What lesson are we to learn from the demise of NSW police minister Carl Scully, sacked after misleading Parliament twice in one week? Here’s the question that sunk him:
Mr ANDREW STONER: My question is directed to the Minister for Police.
Mr Frank Sartor: God, you’re boring!
Mr SPEAKER: Order! The Minister for Planning will come to order. The Leader of The Nationals has the call.
Mr ANDREW STONER: The Minister will not think this is boring. My question is to the Minister for Police. Given that on last Monday week the Minister phoned the ABC television newsroom claiming that that night’s Channel 9 news item on his handling of the Cronulla report was untrue, has he now apologised to the ABC and other media for lying about the report and his knowledge of it?
Mr CARL SCULLY: Perhaps I could answer that question if Channel 9 can tell me who in my office rang and at what point I rang and what I said. Then perhaps I could answer the question.
Mr Andrew Stoner: You rang the ABC.
Mr CARL SCULLY: Now you are lying.
Scully was the one off the mark. He had to go back into the House to correct the record:
Mr CARL SCULLY: I wish to provide a supplementary answer to a question I was asked during question time today. The Leader of The Nationals asked me whether I had contacted the ABC newsroom in relation to a Channel 9 item on the Cronulla report. I answered that that was untrue because then, and now, I do not recall that specific conversation. Over the past 10 days I have had scores and scores of conversations with many journalists and many, many newsrooms. In the face of the ABC newsroom insisting I made the call, and with no means of proving otherwise, I must accept that I did actually make that call. I wish to correct the record accordingly. In the conversation it is said that I said:
The report had only got to the drafting stage so there was not a report to comment on.
Those views, which I am said to have expressed in that conversation and I accept that I now must have made, are consistent with the views expressed by me generally to many other outlets and many journalists over the past 10 days. I hope that clears up the matter.
So what sank Scully? “In the face of the ABC newsroom insisting I made the call, and with no means of proving otherwise, I must accept that I did actually make that call.” Or, as Premier Morris Iemma put it: “Once it became aware to me that he was required to go back into the chamber and clarify his words, his resignation was needed and right.
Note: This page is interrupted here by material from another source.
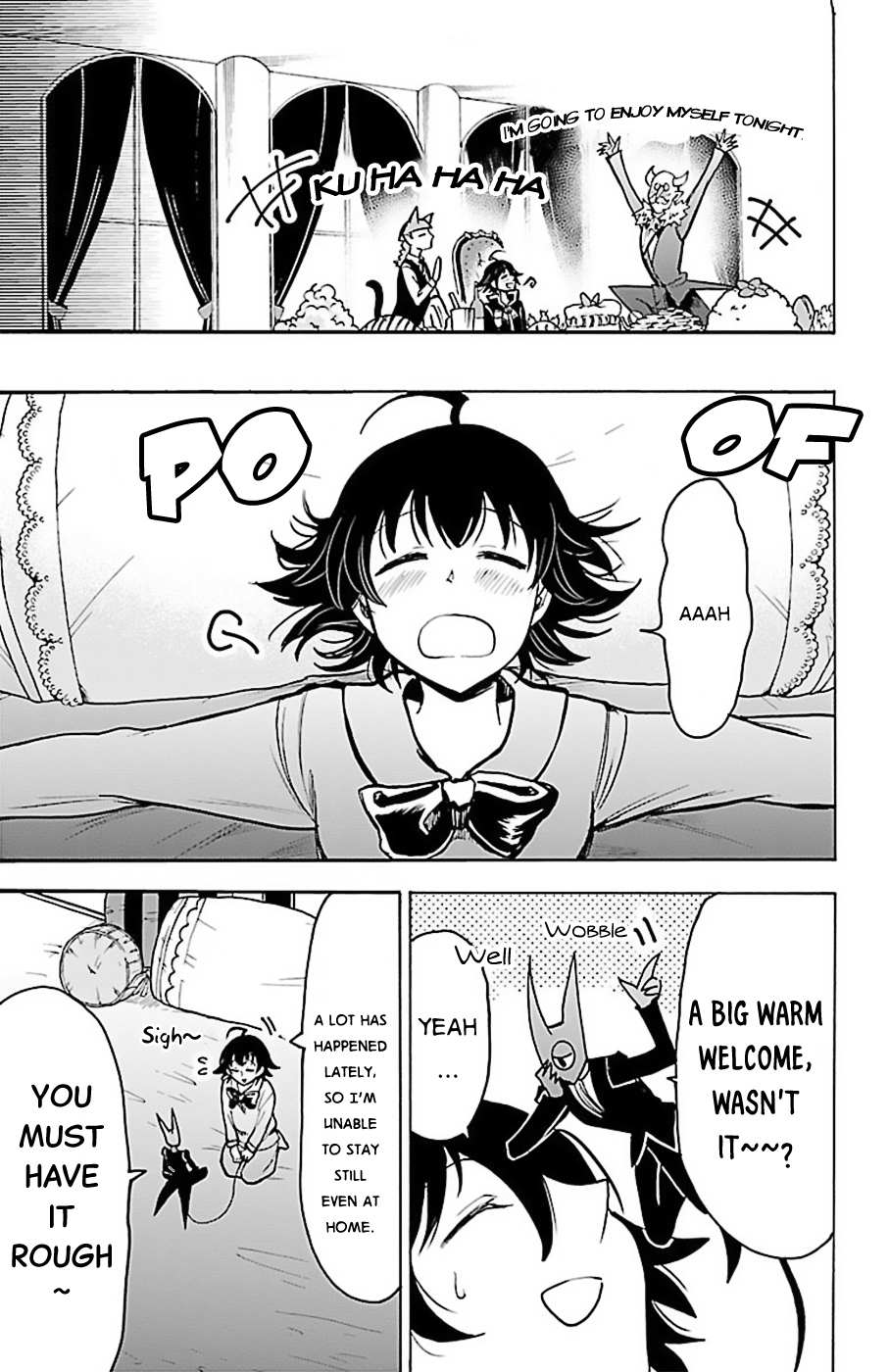 Read Mairimashita Iruma-kun Manga Online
The whole world knew that Carl had to be more careful with his words. It was simply a case of one mistake too many.”
It was nothing to do with his management of the police portfolio – including media management. He hasn’t been held to account over this – over the report on the handling of the Cronulla riots. It was purely the slips in the House.
The culture of buck passing and failing to take responsibility has spread so far that it is this sort of thing that political careers hang upon.